Na quinta-feira, 26 de março, o presidente provocou um grupo de jornalistas que o aguardavam do lado de fora do Palácio da Alvorada, sede do executivo federal em Brasília. Dirigindo-se a seus apoiadores, afirmou: "Atenção, povo do Brasil: esse pessoal diz que eu estou errado (ele aponta para os repórteres) e que você tem que ficar em casa. (Olhando para os jornalistas) Agora eu pergunto, o que vocês estão fazendo aqui? Voltem para casa!".
“Essa radicalização e a intensificação de ataques à imprensa é extremamente preocupante”, declarou Emmanuel Colombié, diretor do escritório da RSF na América Latina. “O presidente Bolsonaro escolheu o inimigo errado, atacando, de novo, os mensageiros. Ele força os limites da irresponsabilidade um pouco mais a cada dia.

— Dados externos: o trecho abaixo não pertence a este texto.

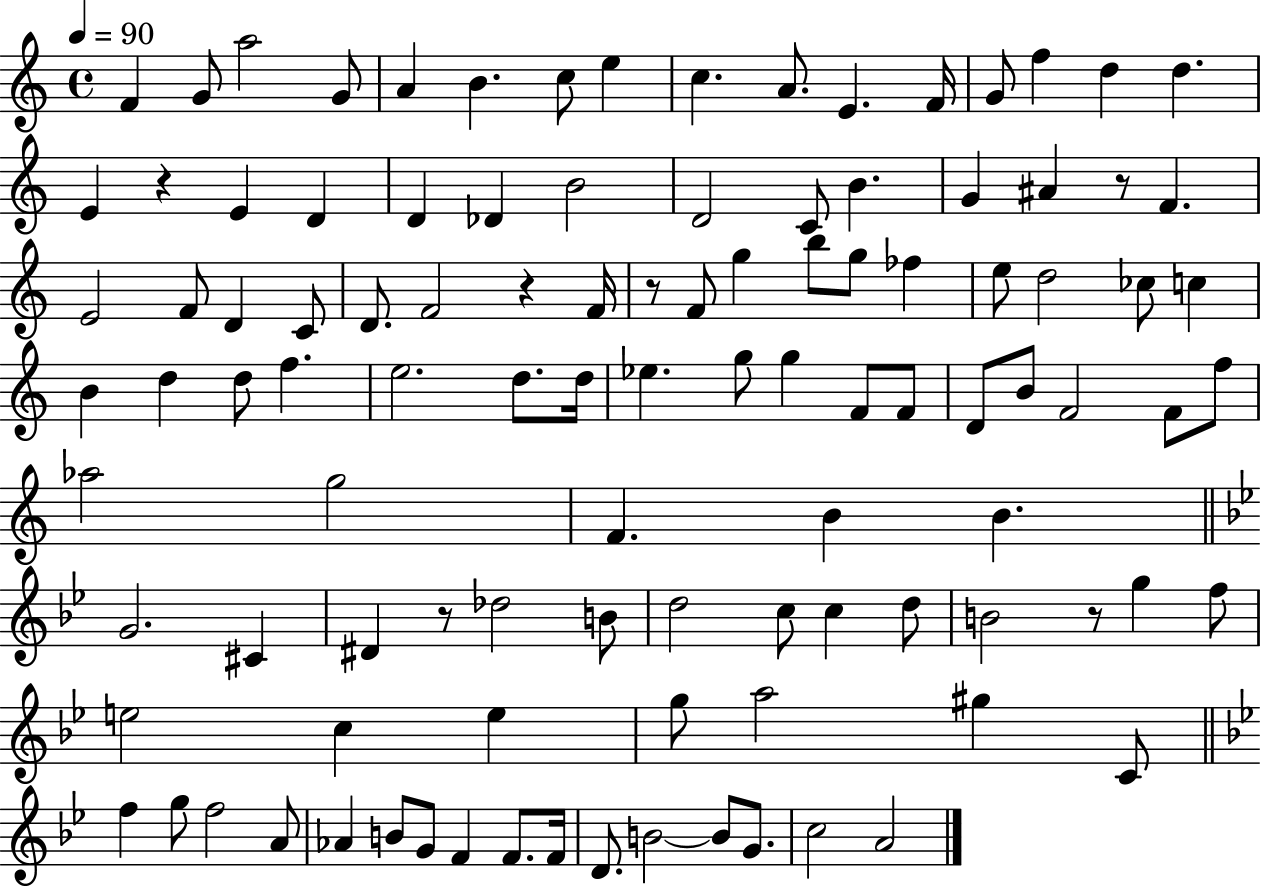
X:1
T:Untitled
M:4/4
L:1/4
K:C
F G/2 a2 G/2 A B c/2 e c A/2 E F/4 G/2 f d d E z E D D _D B2 D2 C/2 B G ^A z/2 F E2 F/2 D C/2 D/2 F2 z F/4 z/2 F/2 g b/2 g/2 _f e/2 d2 _c/2 c B d d/2 f e2 d/2 d/4 _e g/2 g F/2 F/2 D/2 B/2 F2 F/2 f/2 _a2 g2 F B B G2 ^C ^D z/2 _d2 B/2 d2 c/2 c d/2 B2 z/2 g f/2 e2 c e g/2 a2 ^g C/2 f g/2 f2 A/2 _A B/2 G/2 F F/2 F/4 D/2 B2 B/2 G/2 c2 A2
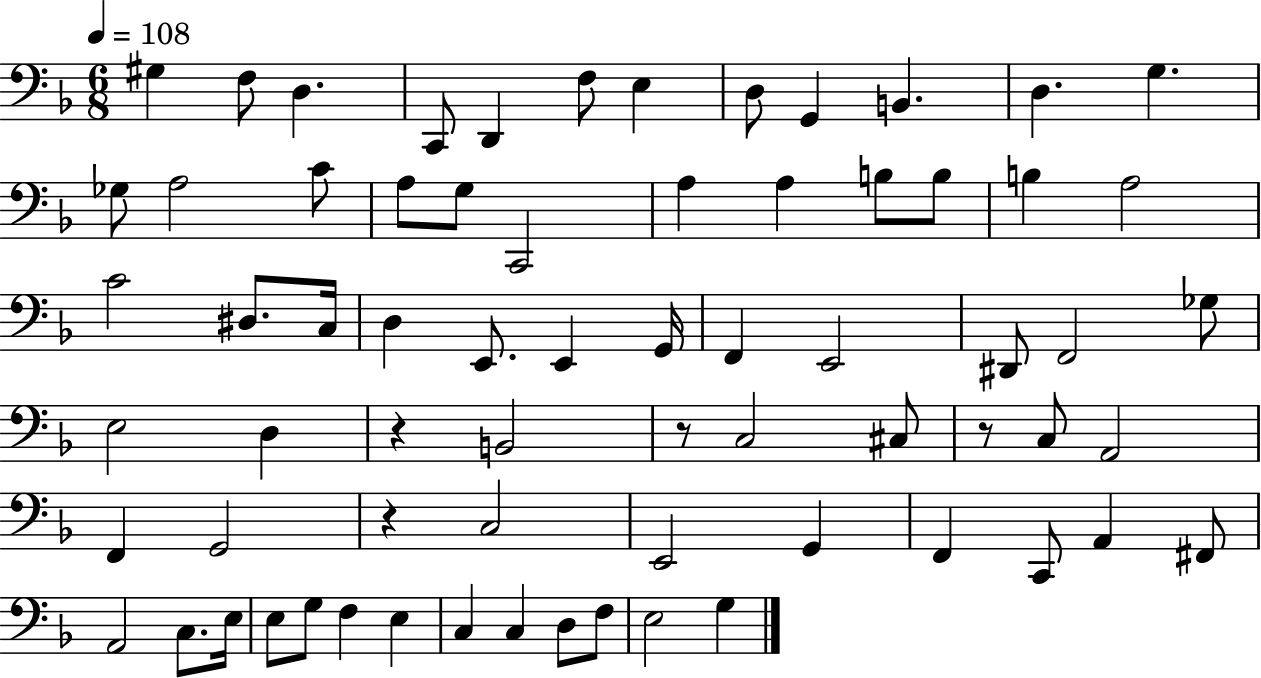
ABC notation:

X:1
T:Untitled
M:6/8
L:1/4
K:F
^G, F,/2 D, C,,/2 D,, F,/2 E, D,/2 G,, B,, D, G, _G,/2 A,2 C/2 A,/2 G,/2 C,,2 A, A, B,/2 B,/2 B, A,2 C2 ^D,/2 C,/4 D, E,,/2 E,, G,,/4 F,, E,,2 ^D,,/2 F,,2 _G,/2 E,2 D, z B,,2 z/2 C,2 ^C,/2 z/2 C,/2 A,,2 F,, G,,2 z C,2 E,,2 G,, F,, C,,/2 A,, ^F,,/2 A,,2 C,/2 E,/4 E,/2 G,/2 F, E, C, C, D,/2 F,/2 E,2 G,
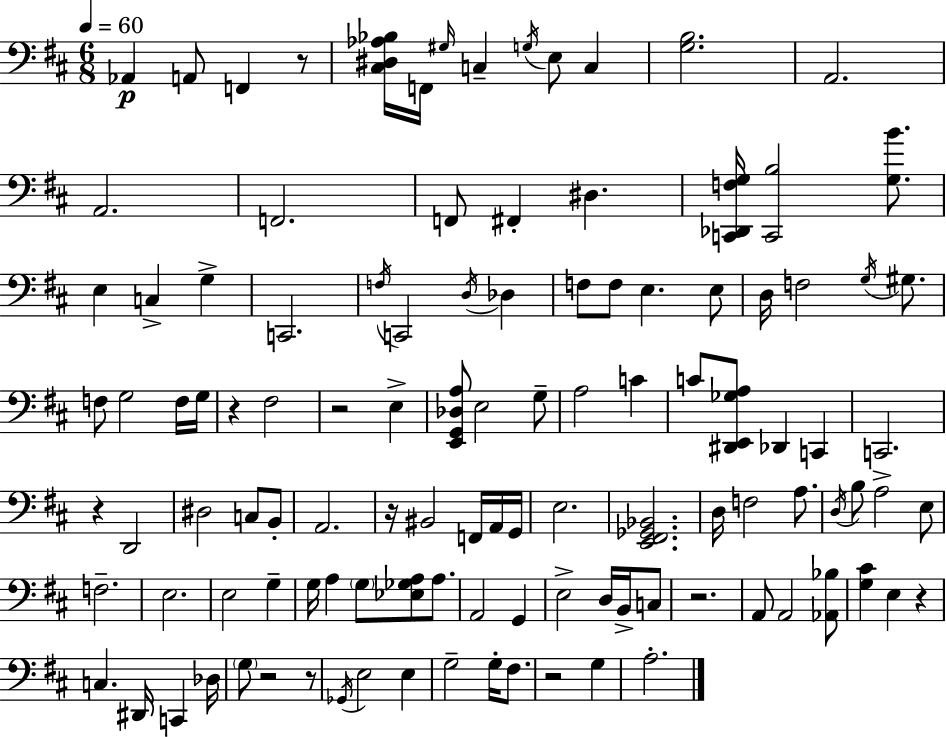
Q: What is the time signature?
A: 6/8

Nesse período de pandemia, o chefe do executivo federal certamente tem coisas melhores a fazer do que atacar os meios de comunicação, cujo trabalho de informação é mais vital do que nunca."
Embora Jair Bolsonaro pareça cada vez mais isolado, seu discurso radical é amplamente divulgado e intensificado por seus apoiadores e alguns membros do governo, incluindo o Ministro da Saúde, Luiz Henrique Mandetta, que qualificou, em 28 de março, o trabalho da imprensa como 'sórdido' e 'tóxico' e convidou os brasileiros a “desligar um pouco a televisão”.
Fato particularmente raro: no domingo, 29 de março, o Twitter excluiu, por violação das regras da rede social, dois tweets da conta oficial do presidente em que ele, mais uma vez, questionava a utilidade do isolamento social. Jair Bolsonaro publicou vídeosem sua conta nos quais passeava nas ruas de Brasília, uma conduta em total contradição com as instruções de seu próprio governo e as recomendações da Organização Mundial da Saúde (OMS).
Na segunda-feira, 30 de março, a rede social Facebook (e sua subsidiária Instagram) seguiu o exemplo e decidiu, por sua vez, remover os vídeos postados pelo presidente.
A comunicação do aliados mais próximos do presidente é igualmente preocupante: segundo o jornal brasileiro Folha de São Paulo, o Twitter também bloqueou, por doze horas e como advertência, as contas de Flávio Bolsonaro, filho do presidente e senador e do ministro do Meio Ambiente, Ricardo Salles, argumentando que publicaram informações falsas e opiniões que poderiam agravar a pandemia.
O Brasil ocupa o 105o lugar no Ranking Mundial da Liberdade de Imprensa de 2019, elaborado pela Repórteres sem Fronteiras.